Erstens. Jede Fraktion kann für sich entscheiden, wie sie mit ihren eigenen Geldern umgeht und welche Funktionsstellen sie für ihre Arbeit benötigt und einrichten möchte.
Zweitens. Durch die aus den Geldern der einzelnen Fraktionen gezahlten Vergütungen werden weder die Freiheits- noch die Gleichheitsrechte der anderen Fraktionen oder der Abgeordneten tangiert.
Drittens. Wer besondere Funktionen übernimmt, erhält hierfür auch eine entsprechende Vergütung. Das ist in Politik und Verwaltung nicht anders als in der freien Wirtschaft.
Meine Damen und Herren, wer sich mit der parlamentarischen Arbeit beschäftigt, weiß, dass das Parlament und die Fraktionen auf die Arbeit der Fraktionsträger angewiesen sind und ohne sie nicht ordnungsgemäß arbeiten können. Doch genau das will die NPD mit ihrem Antrag wohl erreichen, dass die Arbeitsfähigkeit des Parlamentes eingeschränkt beziehungsweise geschwächt wird. Deshalb fiel es der NPD auch schwer, den Gesetzentwurf zu begründen, sachlich zu begründen, außer dass man uns hier vorträgt, wie viel einzelne öffentlich Bedienstete möglicherweise an Besoldung erhalten.

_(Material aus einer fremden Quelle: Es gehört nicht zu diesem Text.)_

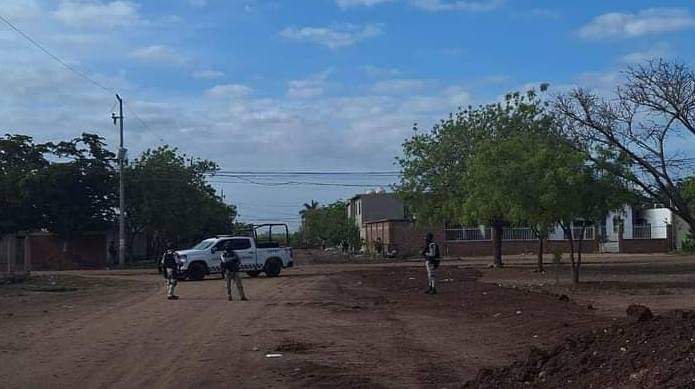 ENFRENTAMIENTO EN EL DORADO, SINALOA; ENTRE CIVILES ARMADOS Y MILITARES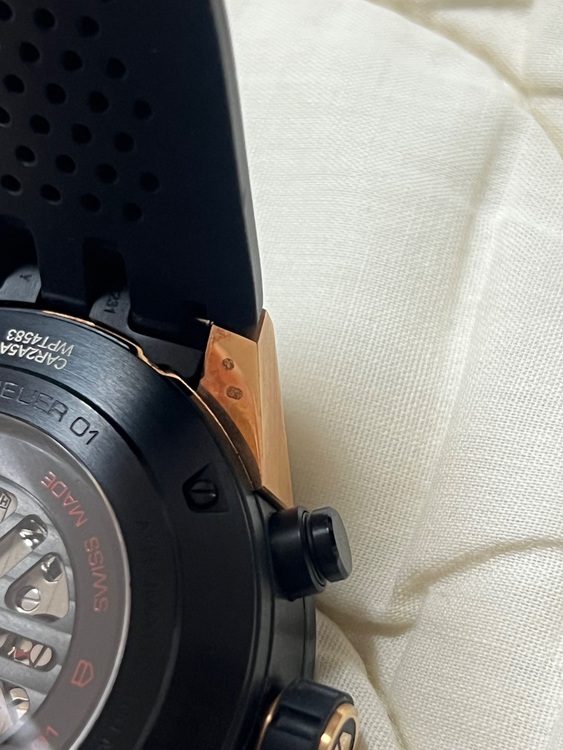 タグホイヤー カレラ ホイヤー01クロノグラフ　CAR2A5（高級時計）の商品画像 - 査定依頼日：2025年8月14日 - 最高査定価格：550,000円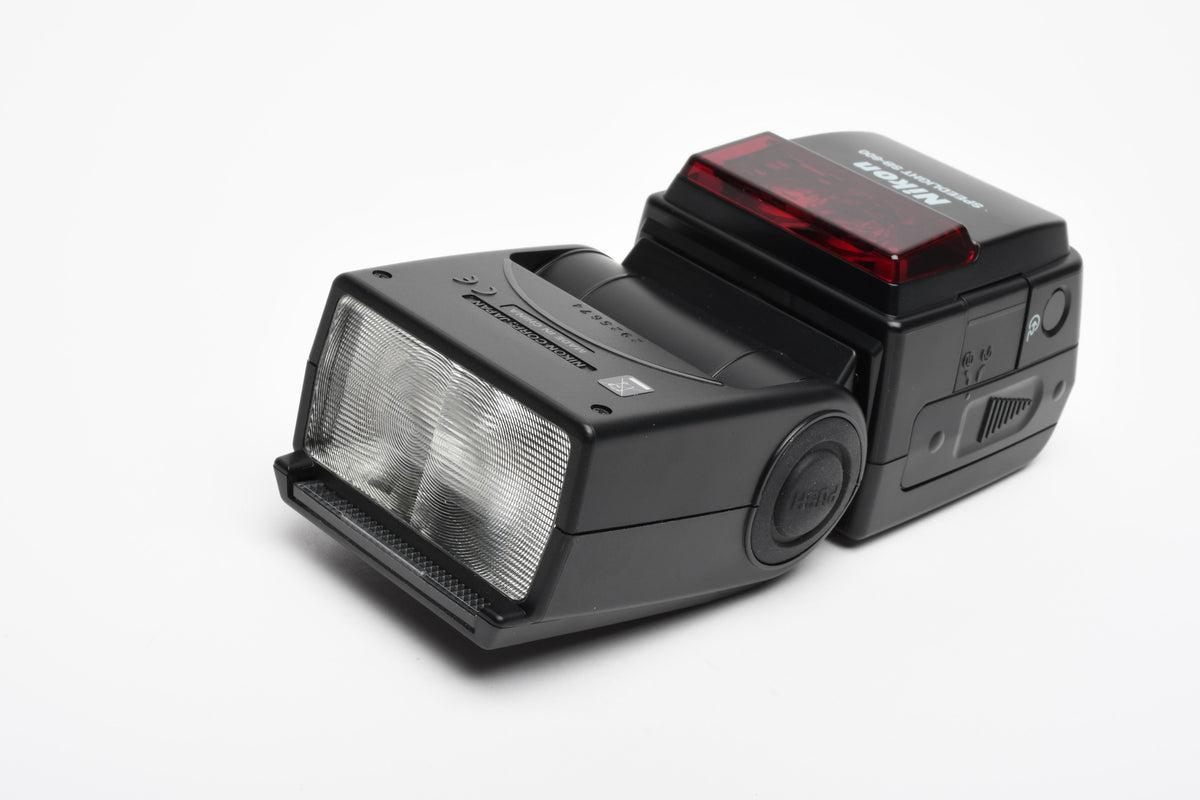 Nikon SB-600 shoe mount flash, case, stand, manual, Mint-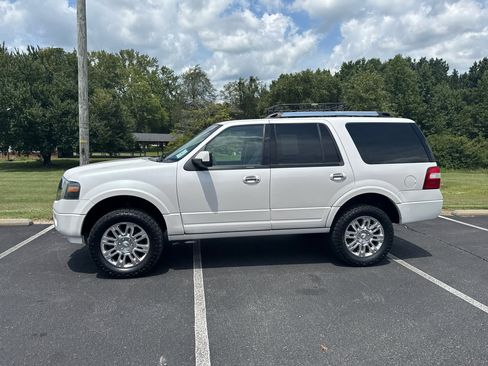 Used 2011 Ford Expedition Limited image 18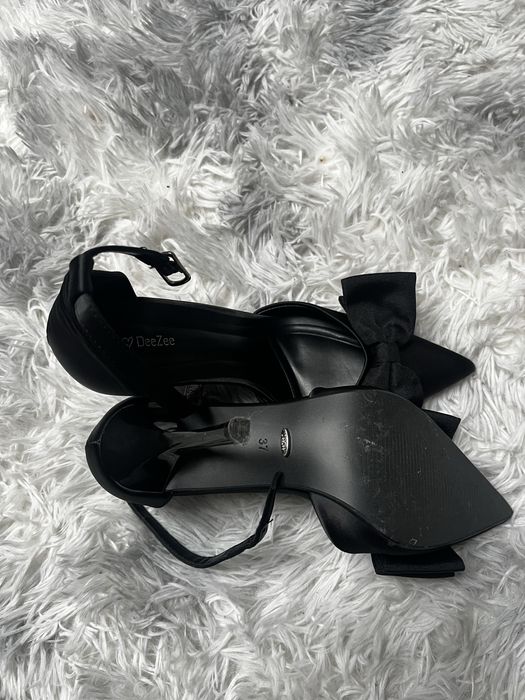 czarne szpilki z kokardką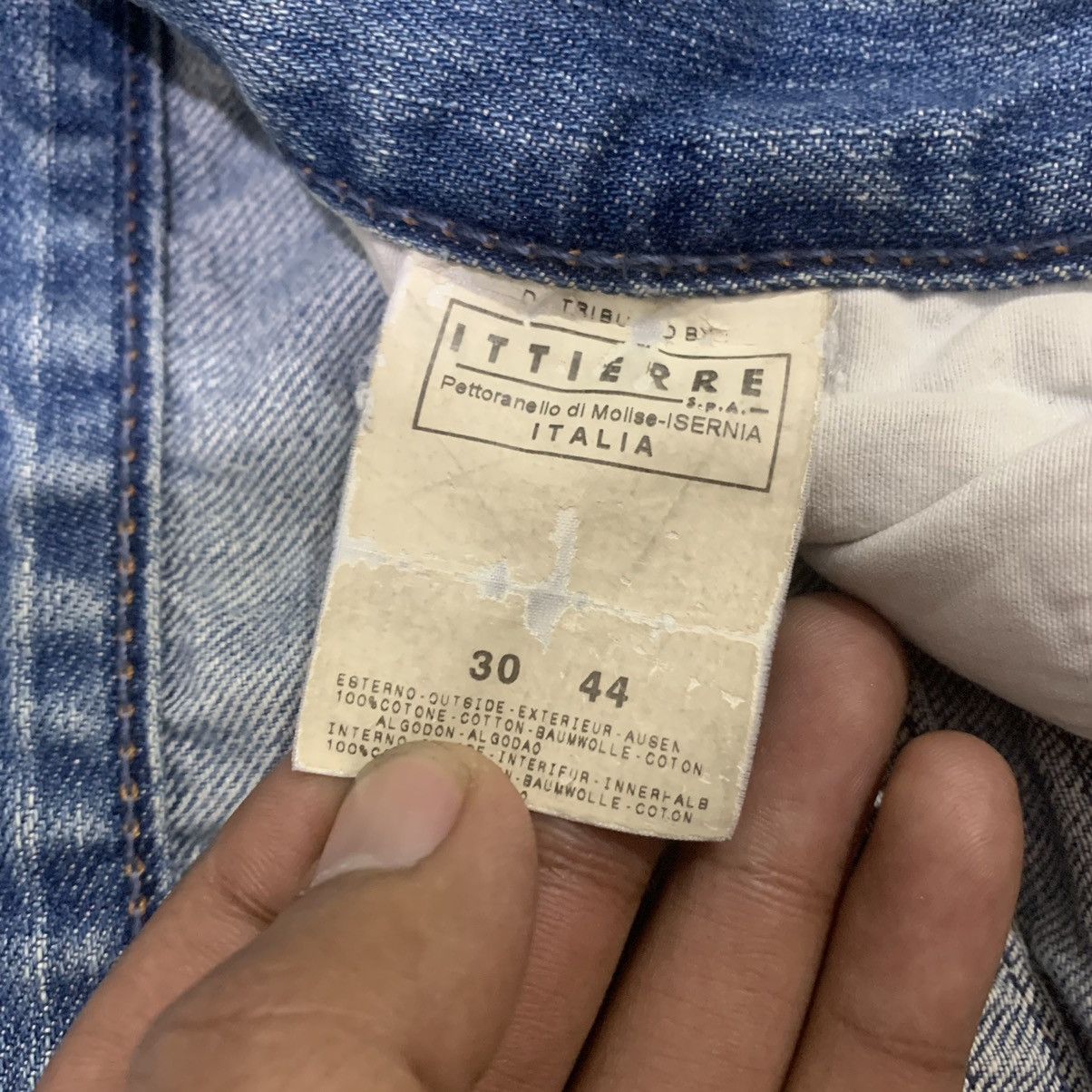 Dolce & Gabbana DOLCE&GABBANA Vtg Spellout Big Logo Disstressed Denim Jeans Size US 30 / EU 46 - 23 Thumbnail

Zur Rechtfertigung hat die NPD deshalb ein Buch bemüht, ich wiederhole den Titel noch mal „Der Verfassungsbruch – Verbotene Extra-Diäten – Gefräßige Fraktionen“.
Allein anhand dieses Titels wird klar, dass der Autor nicht mit der für ein Fachbuch gebotenen Sachlichkeit an das Thema herangegangen ist, sondern es ihm vielmehr darum ging, irgendwelche Aufmerksamkeiten zu erhaschen.
mag ja als Staatsrechtler und Parteienkritiker bekannt sein, doch mit seiner unsachlichen Darstellung in diesem Werk ist er wohl über das Ziel hinausgeschossen.
Herr Müller hat bei der Ersten Lesung auf die Haltung von Professor von Arnim im Anhörungsverfahren ausreichend hingewiesen. Ich erinnere daran, dass er zur Anhörung damals eingeladen wurde – zu unserer eigenen Kommission –, nicht erschienen ist und anstelle dessen eine Stellungnahme abgegeben hat, in der er sich nicht zum Thema geäußert hat, sondern pauschal eine Politikerschelte abgegeben hat. Das noch mal zu Herrn von Arnim und Ihrer Argumentationskette.
Ich meine, Übertreibung und groteske Kritik sind eher als Kunstform in den Unterhaltungsbereich einzuordnen, aber wahrlich nicht geeignet, Gesetzentwürfe zu begründen. Die demokratischen Fraktionen, meine Damen und Herren, werden Ihren Gesetzentwurf selbstverständlich ablehnen. – Ich danke für Ihre Aufmerksamkeit.